Dataset extract =
┌────────
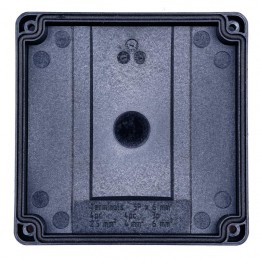 Коробка распределительная 110х110х67мм IP65 в комплекте с клеммным рядом 5х6кв.мм 41А черн. Extherm JB-60-BL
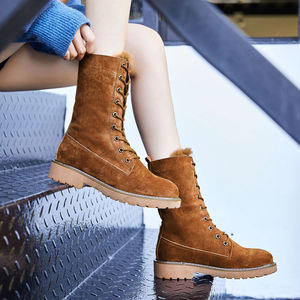 <span class=keywords><strong>Bottes</strong></span> de neige mi-<span class=keywords><strong>mollet</strong></span> d'hiver pour femmes, hautes, chaudes, antidérapantes, <span class=keywords><strong>bottes</strong></span> isolées, chaussures de pluie pour l'extérieur, chaussures décontractées - Product Image 6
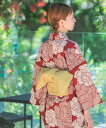 URBAN RESEARCH ROSSO 『別注』薔薇疋田 アーバンリサーチロッソ 着物・浴衣・和装小物 浴衣 レッド【送料無料】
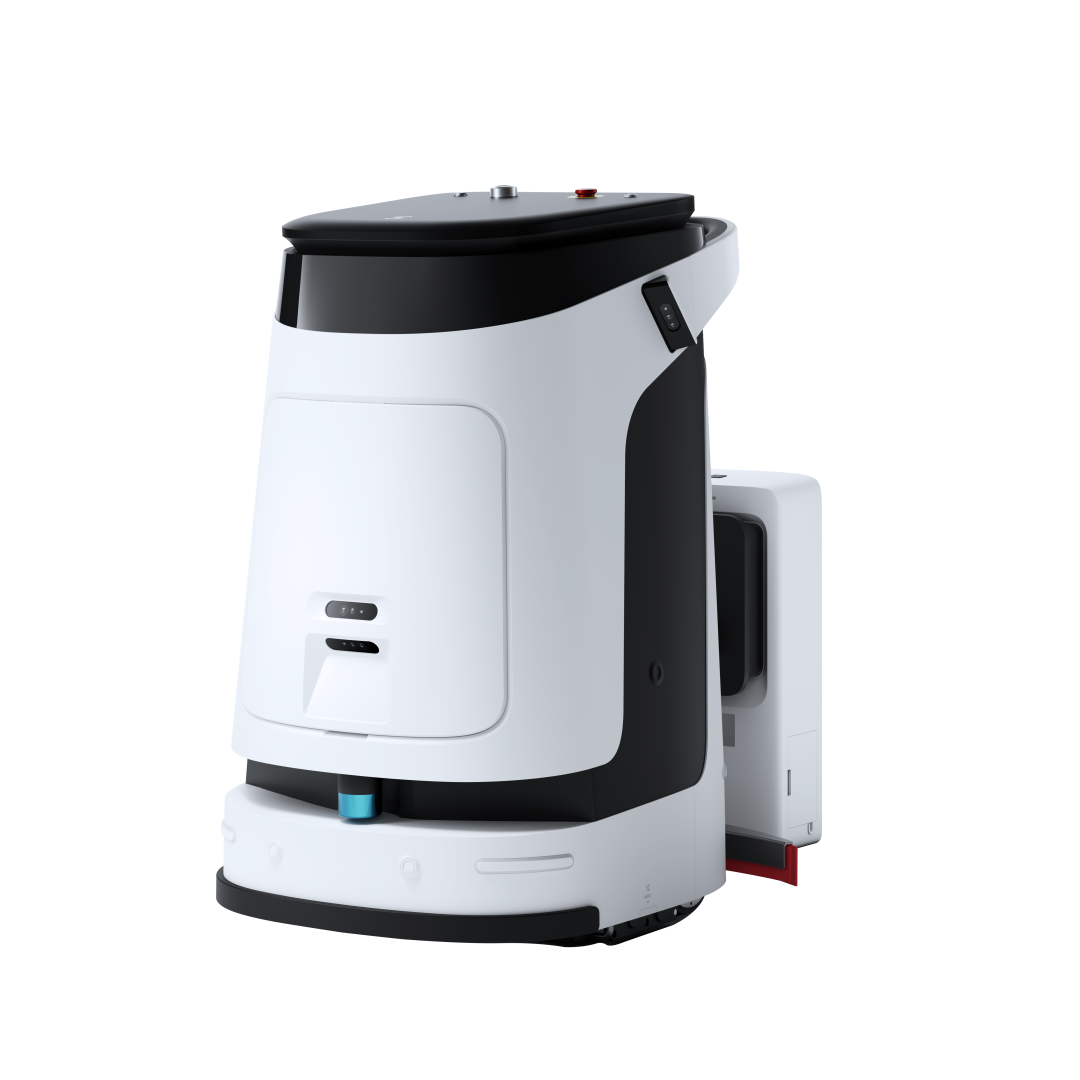 New Autonomous Intelligent Com - огляд і ціна Industrial Floor Scrubber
└────────
Activity = In full and without any pictures, print the listing above exactly.

Answer box =
 Коробка распределительная 110х110х67мм IP65 в комплекте с клеммным рядом 5х6кв.мм 41А черн. Extherm JB-60-BL
 <span class=keywords><strong>Bottes</strong></span> de neige mi-<span class=keywords><strong>mollet</strong></span> d'hiver pour femmes, hautes, chaudes, antidérapantes, <span class=keywords><strong>bottes</strong></span> isolées, chaussures de pluie pour l'extérieur, chaussures décontractées - Product Image 6
 URBAN RESEARCH ROSSO 『別注』薔薇疋田 アーバンリサーチロッソ 着物・浴衣・和装小物 浴衣 レッド【送料無料】
 New Autonomous Intelligent Com - огляд і ціна Industrial Floor Scrubber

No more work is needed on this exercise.